From first line to last, copy the listing exactly and omit its pictures.
[Opening INPUT DATA section]
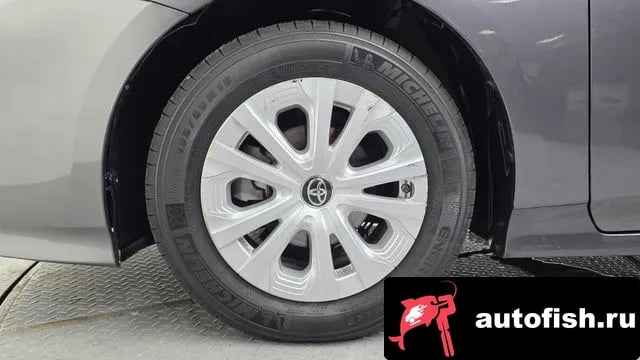 Toyota Prius Prius 4th Generation 2021 года - вид 4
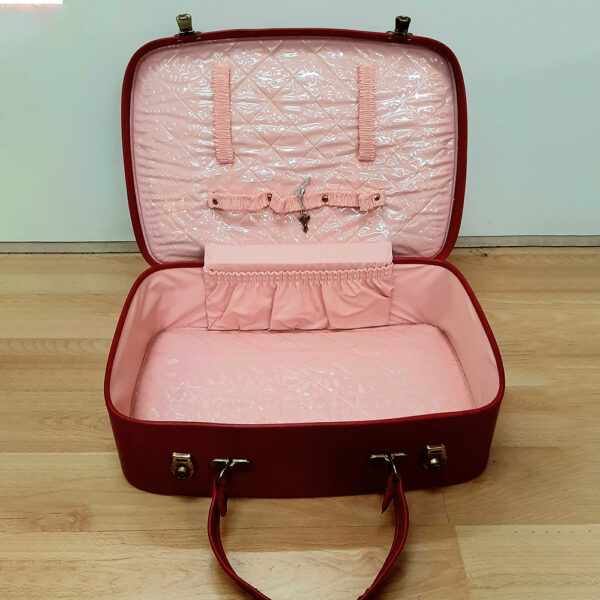vintage c1960s red faux cosmetic case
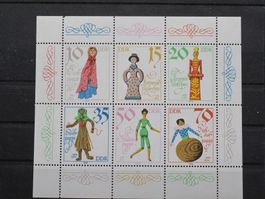 DDR 1979 Historische Puppen KB**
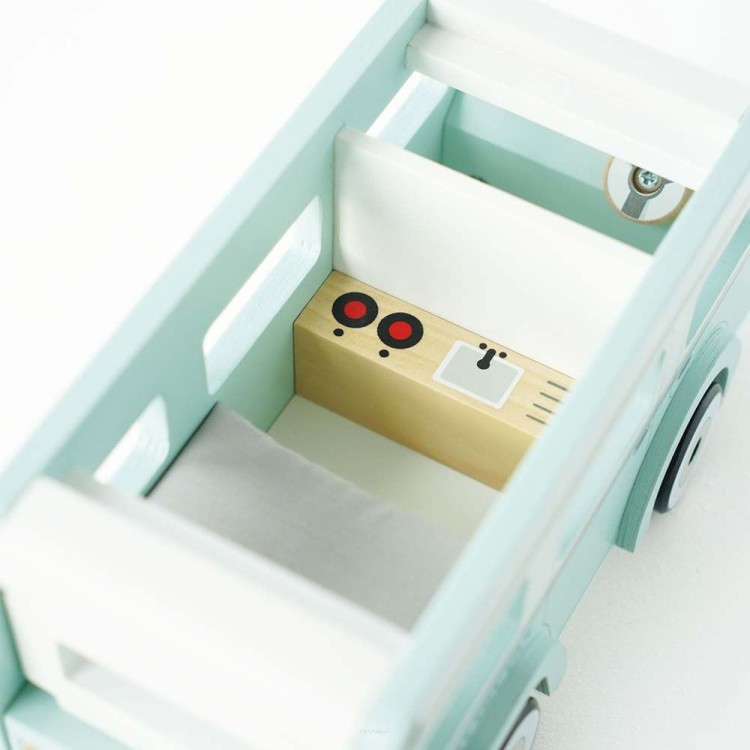 Otwierany dach drewnianego kampera z kabiną kierowcy, materacem i kuchenką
[Closing INPUT DATA section]
RESPONSE BELOW:
 Toyota Prius Prius 4th Generation 2021 года - вид 4
vintage c1960s red faux cosmetic case
 DDR 1979 Historische Puppen KB**
 Otwierany dach drewnianego kampera z kabiną kierowcy, materacem i kuchenką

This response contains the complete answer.